> [WHAT IS NEEDED] Please copy every line below that contains the string "Phone".

> [SOURCE RECORDS]
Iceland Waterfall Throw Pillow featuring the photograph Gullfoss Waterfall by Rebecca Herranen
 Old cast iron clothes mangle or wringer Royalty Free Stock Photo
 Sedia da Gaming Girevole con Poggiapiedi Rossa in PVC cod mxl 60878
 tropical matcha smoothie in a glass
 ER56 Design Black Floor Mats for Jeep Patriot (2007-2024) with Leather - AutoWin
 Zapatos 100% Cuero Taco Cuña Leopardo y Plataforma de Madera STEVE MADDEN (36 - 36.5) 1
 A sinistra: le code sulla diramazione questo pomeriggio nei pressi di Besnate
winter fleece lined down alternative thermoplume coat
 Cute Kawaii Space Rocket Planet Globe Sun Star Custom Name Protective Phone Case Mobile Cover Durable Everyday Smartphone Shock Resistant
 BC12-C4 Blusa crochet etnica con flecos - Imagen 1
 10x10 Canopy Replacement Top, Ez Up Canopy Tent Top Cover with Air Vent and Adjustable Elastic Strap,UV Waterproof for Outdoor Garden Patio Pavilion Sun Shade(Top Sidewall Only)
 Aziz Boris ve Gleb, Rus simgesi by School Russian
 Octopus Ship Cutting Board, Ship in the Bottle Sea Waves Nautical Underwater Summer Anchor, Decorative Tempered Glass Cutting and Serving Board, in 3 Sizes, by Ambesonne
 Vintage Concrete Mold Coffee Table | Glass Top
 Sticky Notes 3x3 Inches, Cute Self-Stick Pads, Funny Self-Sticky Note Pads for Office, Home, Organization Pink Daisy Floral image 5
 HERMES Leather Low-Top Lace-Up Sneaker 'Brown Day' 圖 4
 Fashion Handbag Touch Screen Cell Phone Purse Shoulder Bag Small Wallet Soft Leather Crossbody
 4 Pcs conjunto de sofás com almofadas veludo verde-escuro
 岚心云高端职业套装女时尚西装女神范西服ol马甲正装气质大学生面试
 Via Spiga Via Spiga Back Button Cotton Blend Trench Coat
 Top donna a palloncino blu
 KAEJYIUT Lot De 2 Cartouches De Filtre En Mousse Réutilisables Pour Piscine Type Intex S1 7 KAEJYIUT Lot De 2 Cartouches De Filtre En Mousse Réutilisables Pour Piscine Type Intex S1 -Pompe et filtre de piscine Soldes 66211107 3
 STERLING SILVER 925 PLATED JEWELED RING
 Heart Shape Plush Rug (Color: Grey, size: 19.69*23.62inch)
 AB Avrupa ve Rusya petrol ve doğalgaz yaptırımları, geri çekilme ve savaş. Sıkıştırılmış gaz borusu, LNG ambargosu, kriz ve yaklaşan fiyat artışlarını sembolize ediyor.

> [WRITTEN SOLUTION]
 Cute Kawaii Space Rocket Planet Globe Sun Star Custom Name Protective Phone Case Mobile Cover Durable Everyday Smartphone Shock Resistant
 Fashion Handbag Touch Screen Cell Phone Purse Shoulder Bag Small Wallet Soft Leather Crossbody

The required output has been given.